**COLLECTED DATA**
[Start of section]
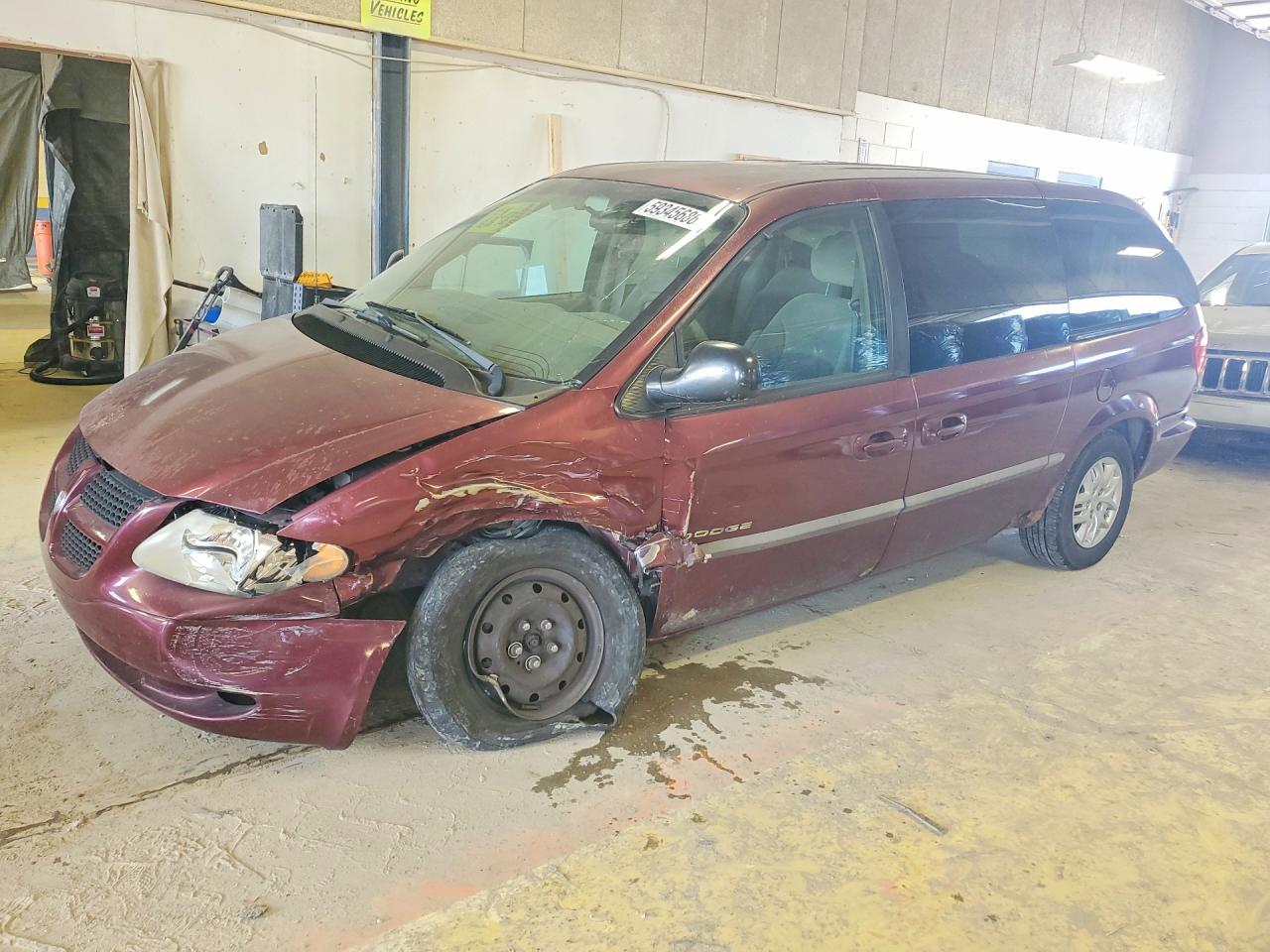 2001 Dodge Caravan Sport, VIN 2B4GP44371R419439 — Front end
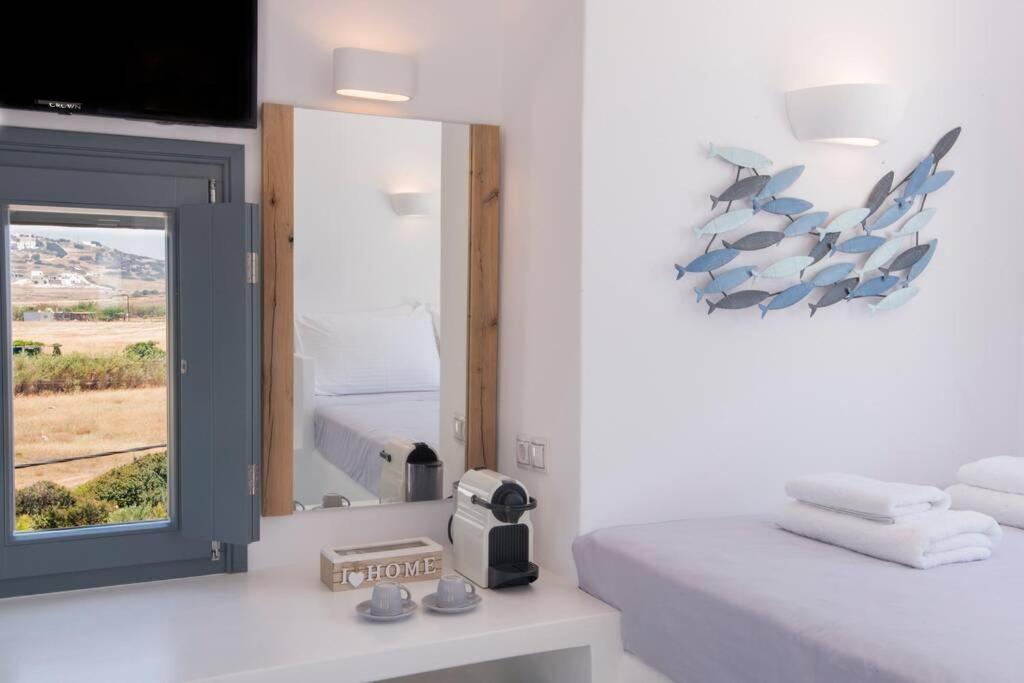 Sunny Studio W.Breathtaking Naxos Views In Isterni Lägenhet Isterni  Exteriör bild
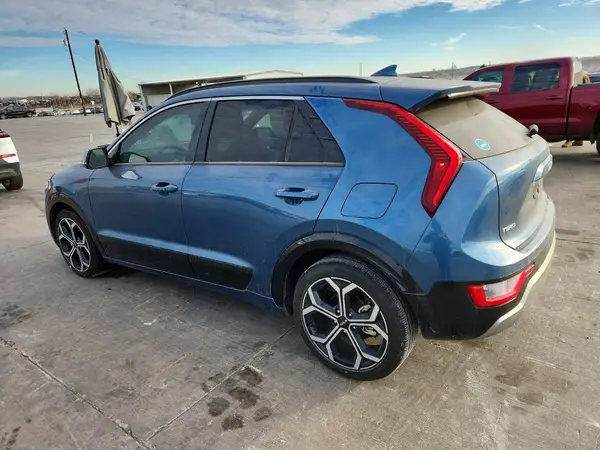 KNDCR3LE8P5037533 2023 KIA NIRO - Image 2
[End of section]
**WORK INSTRUCTIONS**
Output the data above verbatim, pictures excluded.

**SOLUTION**
 2001 Dodge Caravan Sport, VIN 2B4GP44371R419439 — Front end
 Sunny Studio W.Breathtaking Naxos Views In Isterni Lägenhet Isterni  Exteriör bild
 KNDCR3LE8P5037533 2023 KIA NIRO - Image 2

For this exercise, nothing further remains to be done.